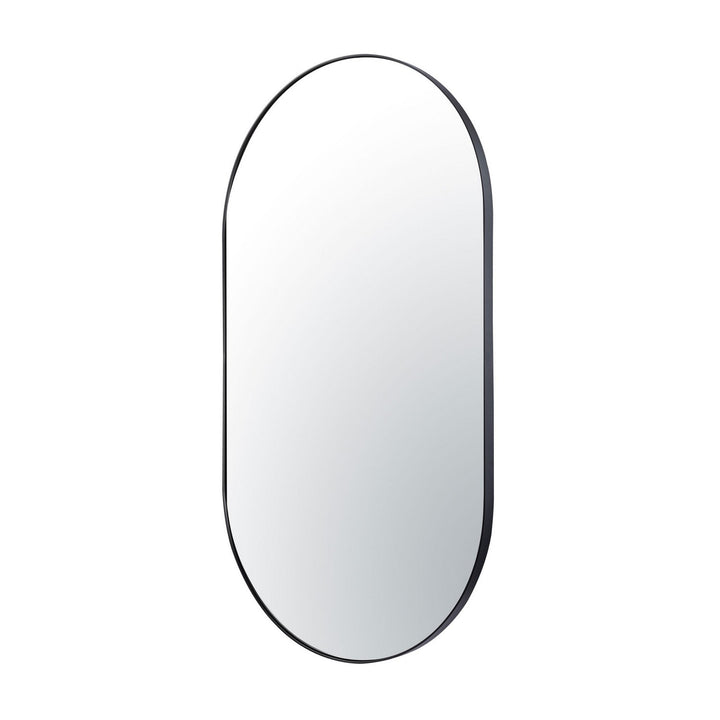 Varaluz Lighting 434MI22BL  Capsule Mirror Black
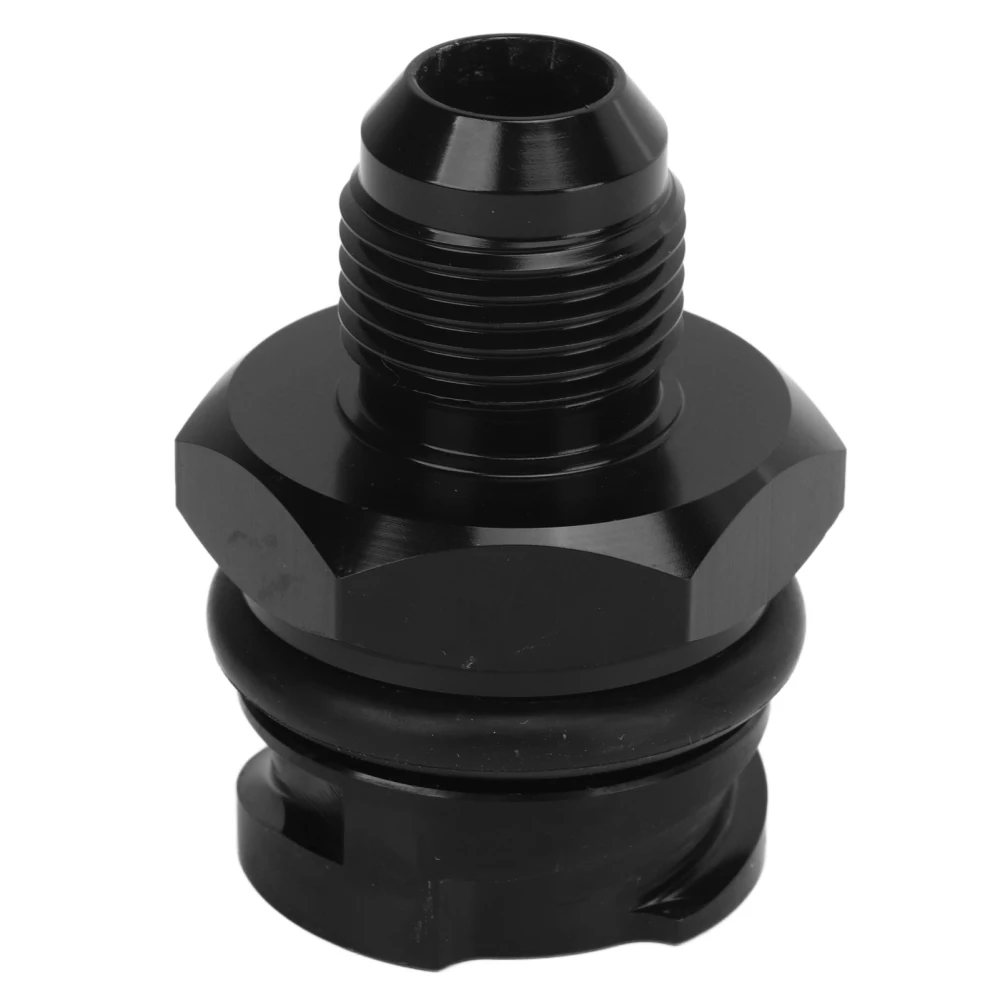 Valve Cover Oil Cap Billet Aluminum Alloy Oil Tank Adapter Cover for LS1 LS6 LS2 LS3 LS7 10AN Connector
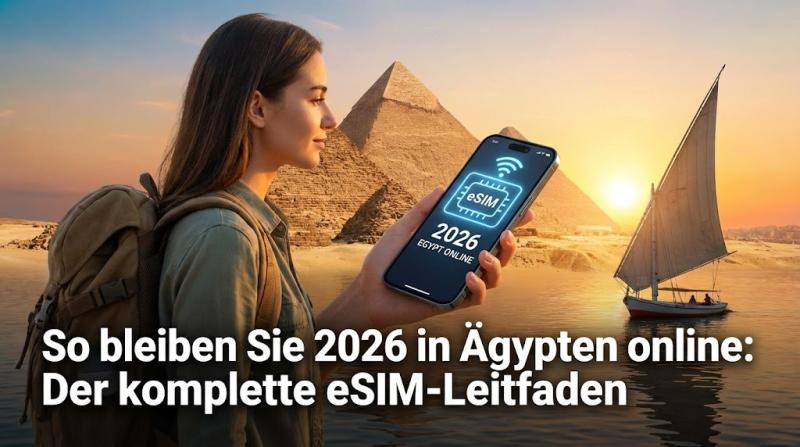 So bleiben Sie 2026 in Ägypten online: Der komplette eSIM-Leitfaden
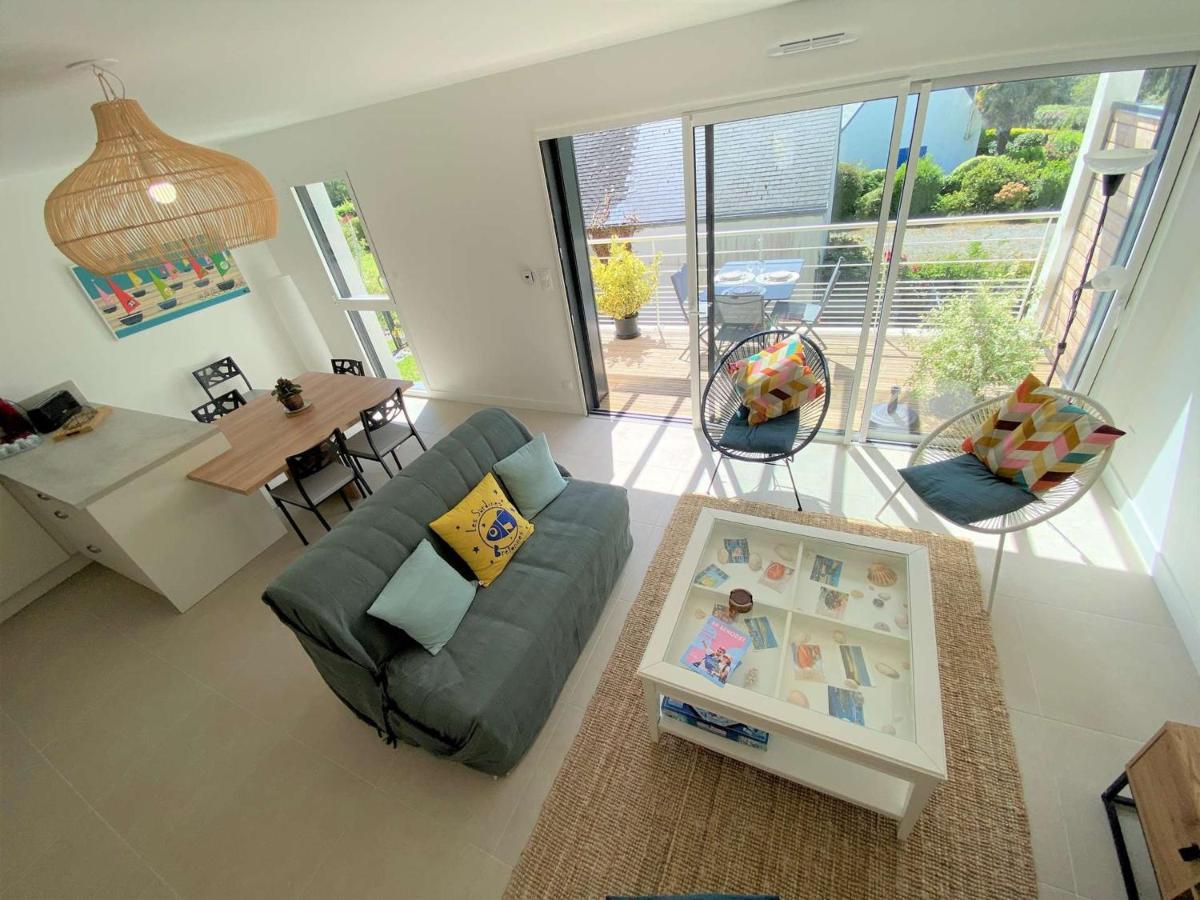 Duplex Lumineux A Benodet: Plage Et Thalasso A Pied, Terrasse, Parking Et Abri Velo Inclus - Fr-1-481-117 외부 사진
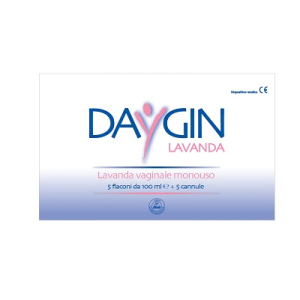 daygin lavanda vaginale 5 flaconi 100 ml + 5 bugiardino cod: 900472541 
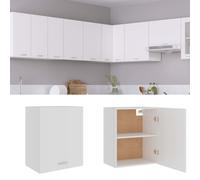 vidaXL Kitchen Cabinet White Engineered Wood Kitchen Storage Shelf Organiser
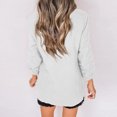 thumbnail image 4 of EQWLJWE Blazer en Coton et Lin pour Femme, Veste d'Automne, Complet, Cardigan Ouvert, Manches 3/4, Veste Ajustée, Blazer Court Décontracté pour Bureau, 4 of 6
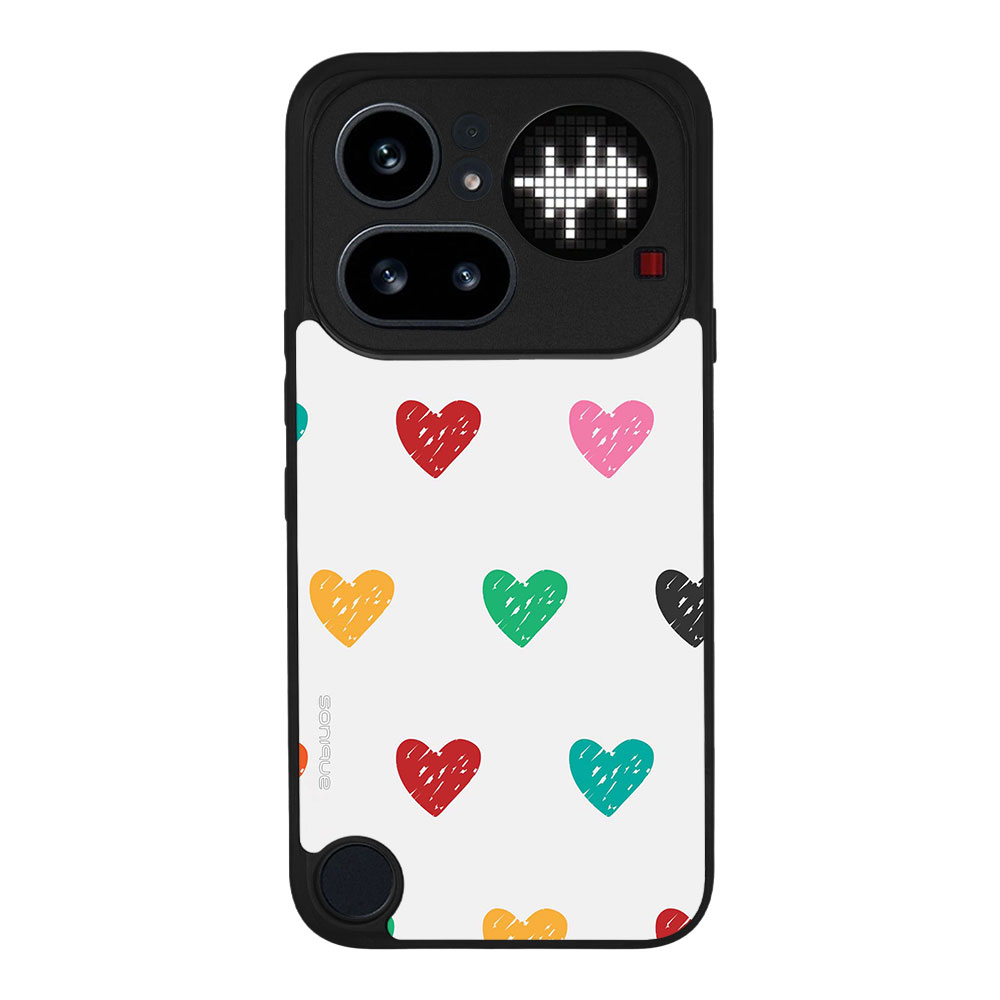 Θήκη Sonique Heart Series για Nothing Phone 4a Pro Λευκό 02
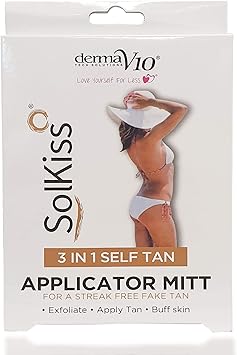 Derma V10 Solkiss 3in1 Self Tan Applicator Mitt - Image 1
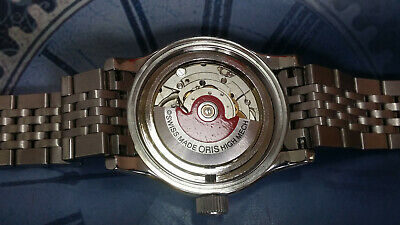 Oris 25J Automatic Eta 2846 Movement Mens Analog Calender Dial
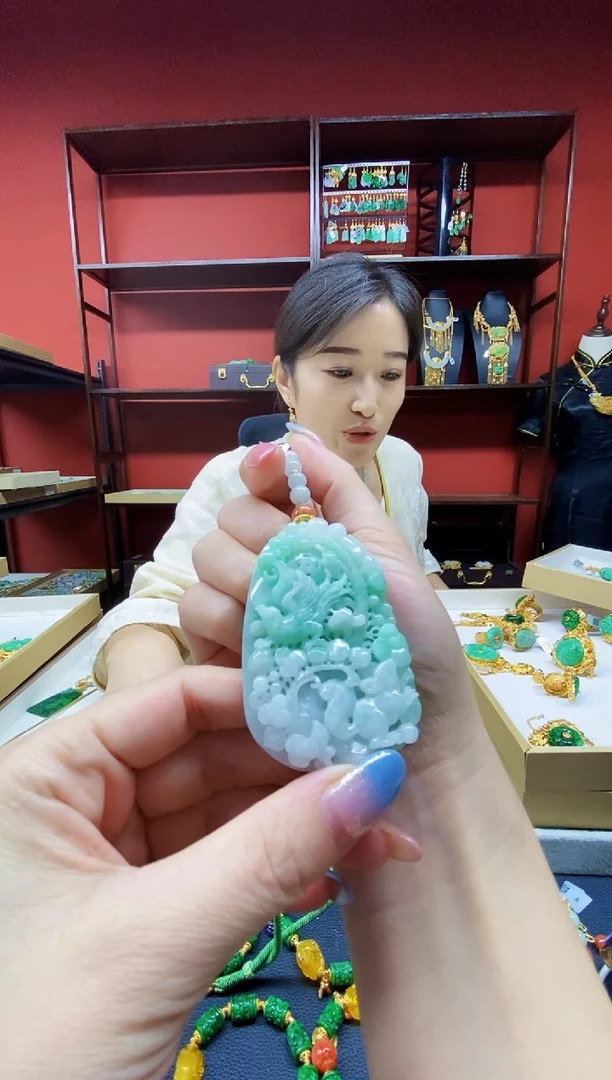 颈饰未镶嵌翡翠翡翠吊坠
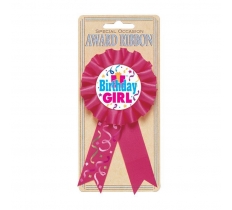 Birthday Girl Award Ribbons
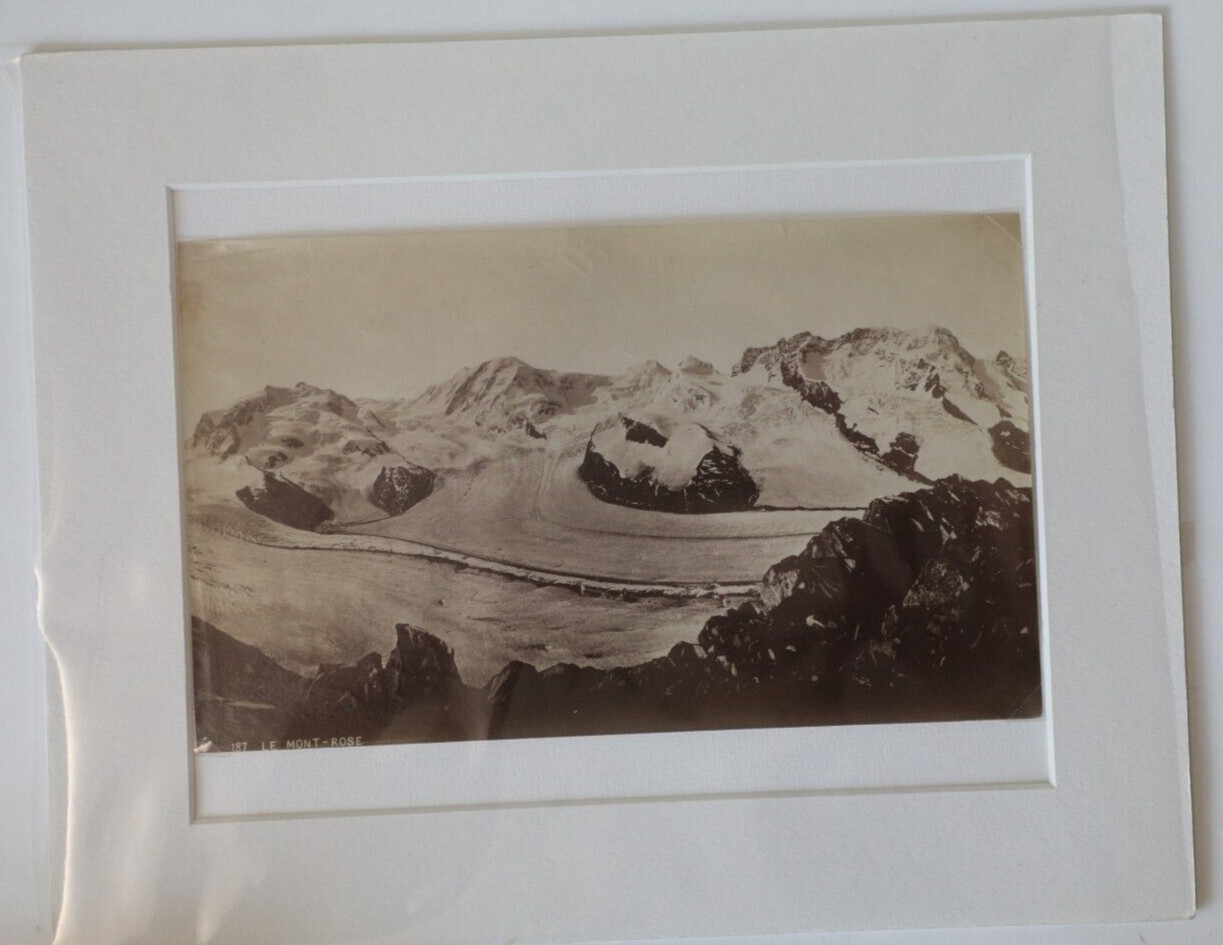 TIRAGE PHOTO Suisse Mont Rose albumine 1880 13X22cm – Image 2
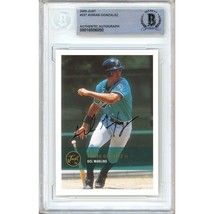 Adrian Gonzalez Marlins Auto 2000 Just Justifiable Signed Rookie Card BAS Slab - £94.38 GBP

(Exercise prompt) Nothing but the lines from the one holding "颈饰未镶嵌翡翠翡翠吊坠" through the final line of the records above belongs in the answer, each retyped exactly; omit the pictures.

(Answer for this exercise)
 颈饰未镶嵌翡翠翡翠吊坠
 Birthday Girl Award Ribbons
 TIRAGE PHOTO Suisse Mont Rose albumine 1880 13X22cm – Image 2
 Adrian Gonzalez Marlins Auto 2000 Just Justifiable Signed Rookie Card BAS Slab - £94.38 GBP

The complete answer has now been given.